[Data for review]
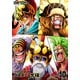 ONE PIECE ワンピース 17THシーズン ドレスローザ編 PIECE.10 [DVD]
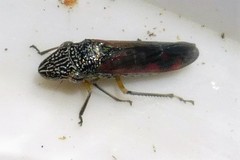 Homalodisca liturata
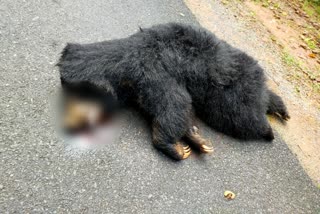 bear dies due to vehicle collision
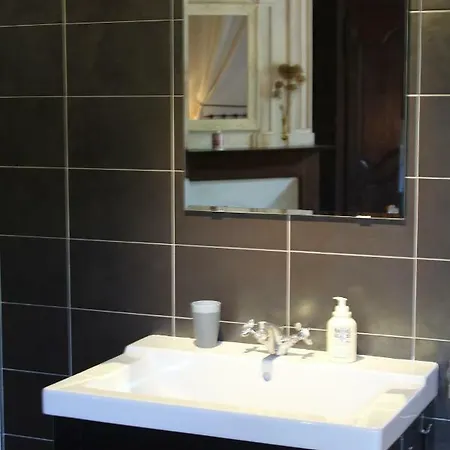 Lion D'or 3* Saint-Antonin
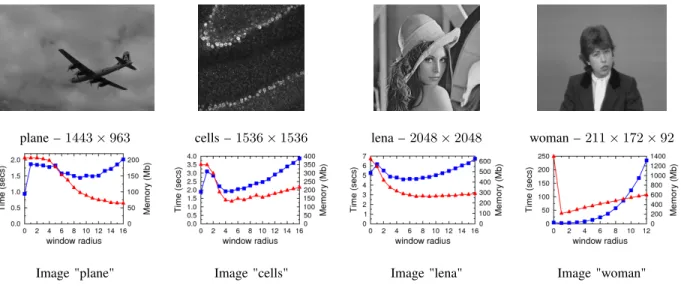 Fig. 5: Influence of window radius (bottom row) for segmenting 2D and 2D+t images (top row) with a TV+L 2 model in connectivity 1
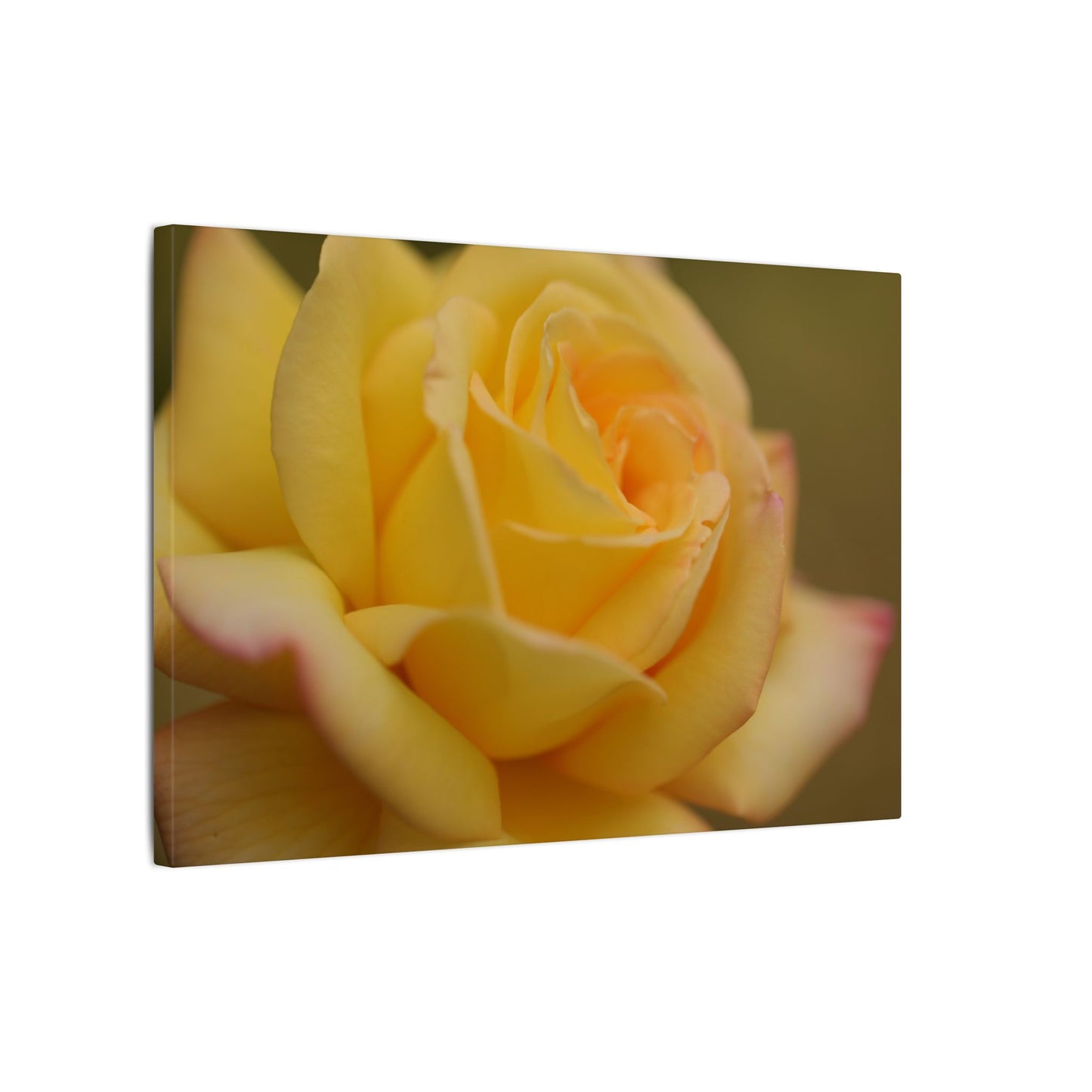Yellow Delight Rose Wall Art Canvas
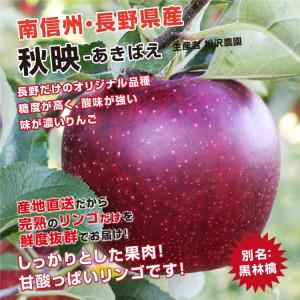 りんご 秋映 5kg 長野県産 秀品 送料無料...の詳細画像2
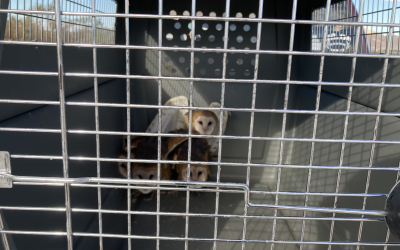 Barn Owl Release 7-5-2026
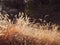 Close up shot of sunlight shining onto tall wispy golden grass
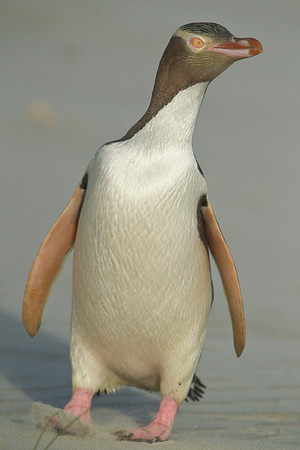 Yellow-eyed penguin 4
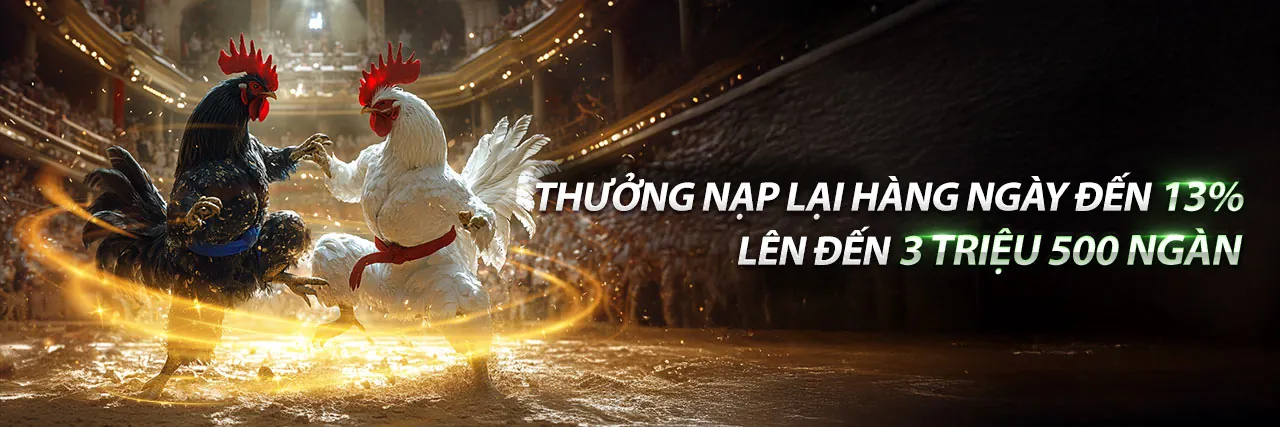 Đá gà trực tuyến kịch tính tại hcm666 code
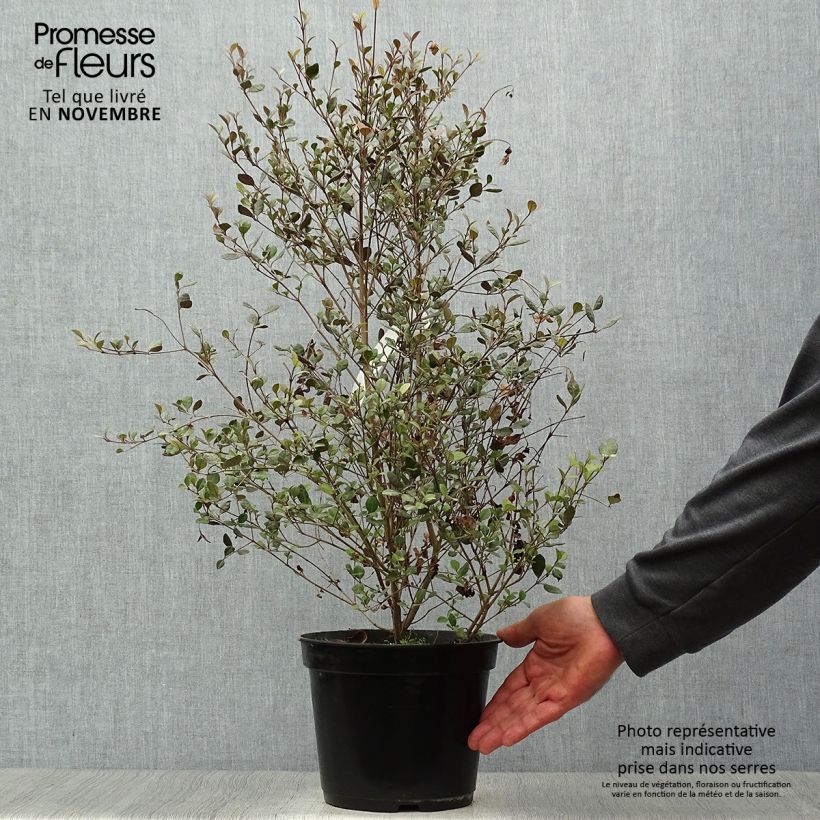 Ejemplar de Lophomyrtus Red dragon - Pequeña estrella Maceta 4L/5L entregado en otoño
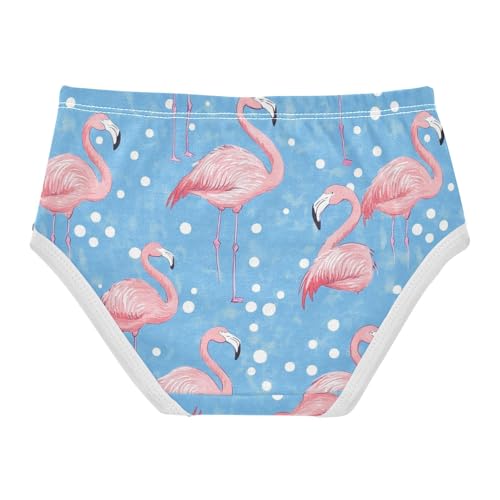Wusikd Flamingo Pink Flamingos Girls' Underwear Cotton Blue Dots Girls Briefs Soft Toddler Underwear 2T2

[Task brief]
Leaving out the pictures, restate the listing above exactly.

[Final answer]
 ONE PIECE ワンピース 17THシーズン ドレスローザ編 PIECE.10 [DVD]
 Homalodisca liturata
 bear dies due to vehicle collision
 Lion D'or 3* Saint-Antonin
 Fig. 5: Influence of window radius (bottom row) for segmenting 2D and 2D+t images (top row) with a TV+L 2 model in connectivity 1
Yellow Delight Rose Wall Art Canvas
 りんご 秋映 5kg 長野県産 秀品 送料無料...の詳細画像2
 Barn Owl Release 7-5-2026
 Close up shot of sunlight shining onto tall wispy golden grass
 Yellow-eyed penguin 4
 Đá gà trực tuyến kịch tính tại hcm666 code
 Ejemplar de Lophomyrtus Red dragon - Pequeña estrella Maceta 4L/5L entregado en otoño
Wusikd Flamingo Pink Flamingos Girls' Underwear Cotton Blue Dots Girls Briefs Soft Toddler Underwear 2T2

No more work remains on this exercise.